Credit: Scott Wallace, World Bank.

Is urbanisation even an issue?

It is a widely-known and oft-cited fact that, as of 2007, more than 50% of the world’s population live in urban areas. The factors for this rapid change are hugely debated: are we realising a teleological Modernist project, or do we make decisions regarding where we live based purely on income? It is the case, however, that most of us experience the consequences of this development every day.

In recognition of these problems, the urban ecology is now foremost in academia’s agenda: one of the four UCL Grand Challenges is ‘Sustainable Cities’. The recently launched UCL Institute for Global Prosperity has taken the issue of urbanisation as a primary focus for some of its nascent projects.

As part of the Institute for Global Prosperity’s Soundbites series – a series of short lectures and conversations held at lunchtimes on questions around wellbeing and prosperity – Professor Julio D. Dávila, Director of the UCL Bartlett Development Planning Unit, gave a public talk last Thursday on the possibility for prosperity in rapidly urbanising contexts.

He started by painting a surprisingly positive picture of urbanisation’s consequences for the world’s population. World Bank statistics show us that the correlations between urbanisation and income per person or life-expectancy are positive. They appear to prove that when people move to the city, they seem to have access to more resources, both health-related and economic, which improve their chance of a longer, more prosperous life.

A graph correlating the connection between urbanisation and tax revenues implies a darker side of urbanisation from the almost continuous upward growth of life expectancy rates and income. For as urbanisation increases, tax revenues remain constant. This, Professor Dávila points out, proves that in spite of overall income increasing with developing urbanisation, prosperity is not being distributed throughout the population. “Countries converge in terms of economic growth,” he concludes, “but within countries, economic growth is actually diverging”.

Professor Dávila’s experience of urban locations in Latin America, where he has conducted research for 30 years, confirms this worrying trend. Many of the people who work in the most expensive city in Brazil, Brasília, cannot afford to live in the city itself. Instead, they live on the periphery, in places that bear very little relation to where the candangos spend their working day.

But the periphery or ‘peri-urban’ spaces are also being gentrified, as civil servants and employees of private business become desiring of a foothold outside the city centre. Both the city and its periphery are sites of contrast and contradiction. This is not a revelation, but it is an important indicator of the kind of urban society we have created.
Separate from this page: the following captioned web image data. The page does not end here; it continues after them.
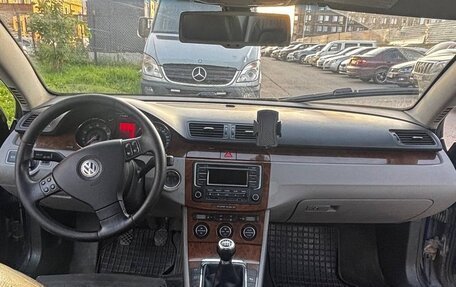 Volkswagen Passat B6, 2005 год, 350 000 рублей, 5 фотография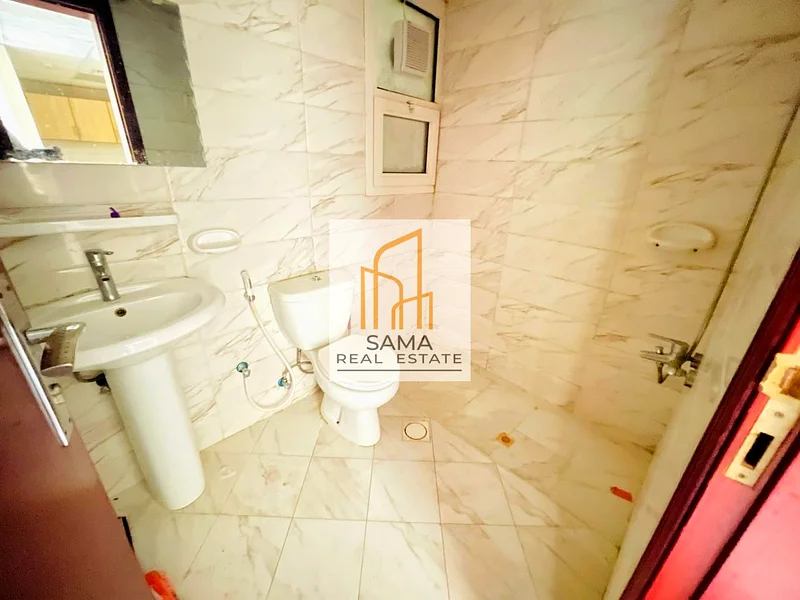 شقة فاخرة من غرفة نوم واحدة || موقع متميز || منطقة المويلحة التجارية ||63704059371777112
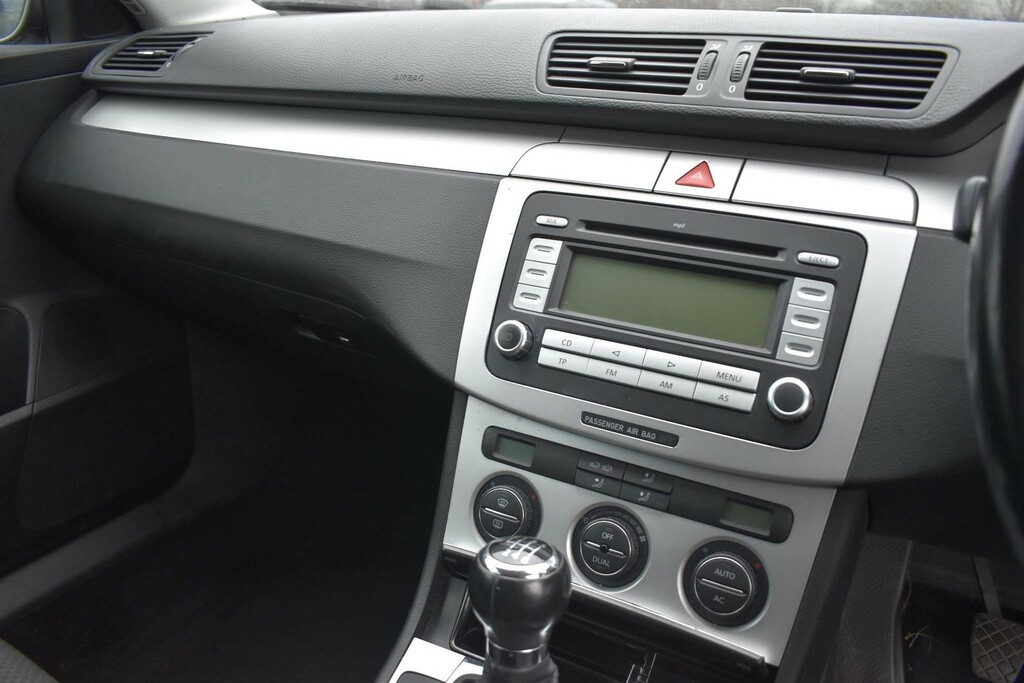 Volkswagen Passat 2.0 Tdi Sel Grey #4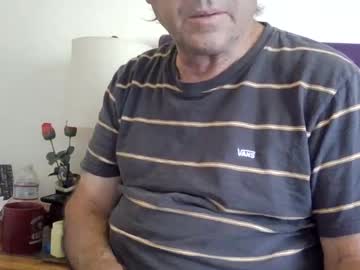 Billybangsbitches Chaturbate stream image from May 14, 2025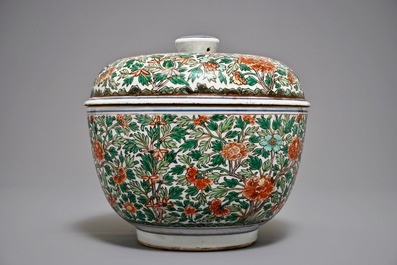 A large round Chinese wucai box and cover with floral design, Kangxi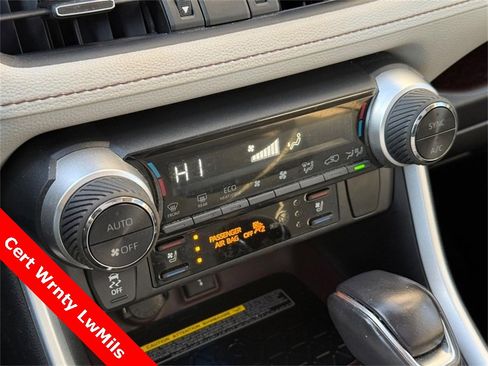 Used 2020 Toyota RAV4 Limited image 28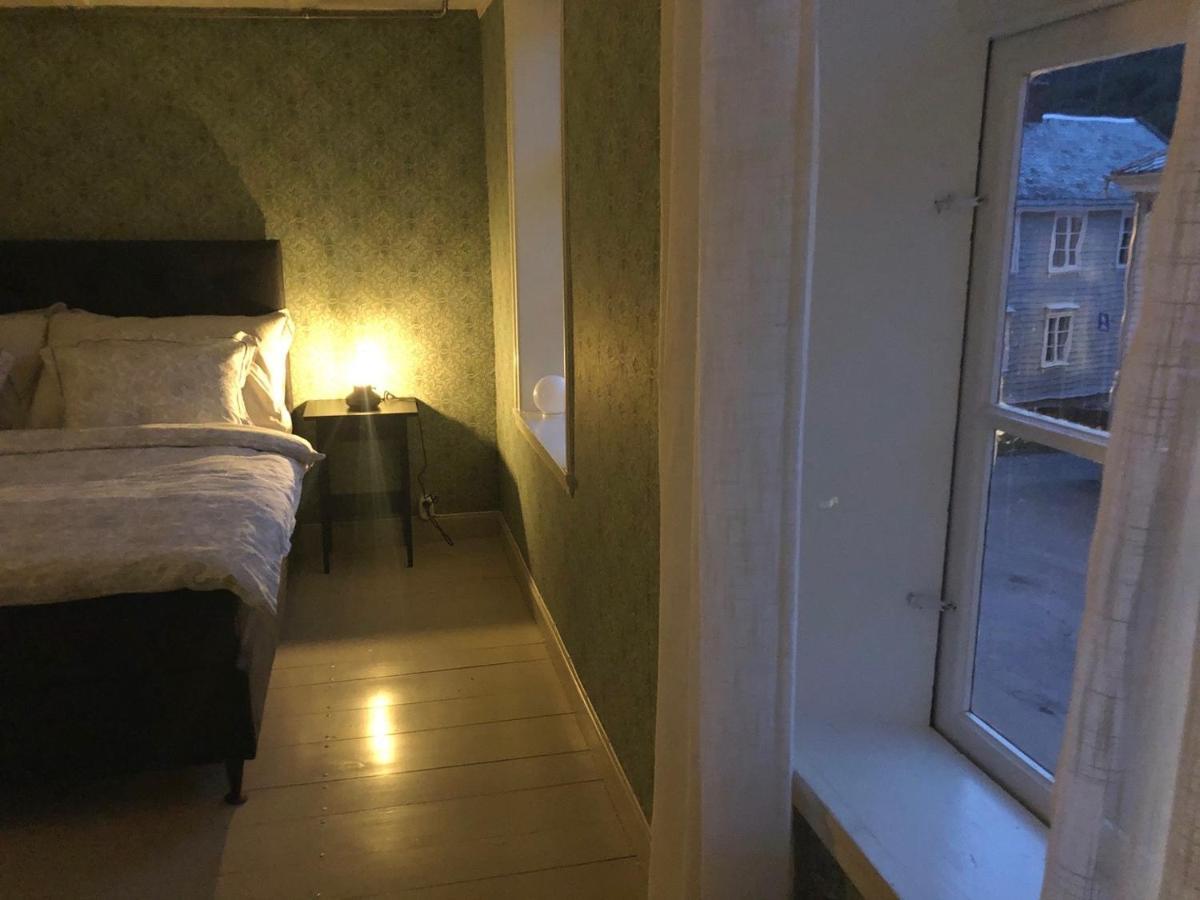 Den gule krambua Appartement Lærdalsøyri Buitenkant foto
Taking matters into their own hands

The oblique element within this issue is what city councils have been doing to address the inequality that divides their citizens. The taxation system is a consistent means of redressing the economic imbalance of a city, but, perhaps more interestingly, informal settlements’ attempts to improve their own livelihoods with access to technology and infrastructure tell researchers what citizens feel to be important and within their grasp. In one example from Columbia, people living in informal settlements have gained access to television without having to approach policy-makers or lobby business owners. Such attempts are exemplary of the fact that people will develop their own infrastructure when city councils fail to do so.

Learning to live in a city, together

Once the debate had been opened to members of the audience, a diverse set of issues emerged. One attendee raised the central issue of social capital: the collective value of all social networks and the consequent inclinations of doing things for one another. Professor Dávila recognised the need for people to learn to live with each other, post-migration, post-deracination. There are too many examples of people simply not knowing how to live together in a city, or, alternatively, where a city is not built for a diverse community of people.

Working with what we have, how do we work and develop within a city’s structures? One way that this has worked in the past, Professor Dávila pointed out, is to have a charismatic leader, who is able to inspire change among a populace. Without the proper institutions to sustain their voice once this person is gone, everything has the tendency to quickly fall apart.

The answer to sustainable urbanisation ultimately lies within the state. No one else is better placed to use wealth to plant engines of growth and diversify the economy, argues Professor Dávila. How or even whether we cause the state to take on this responsibility is an argument left open to debate.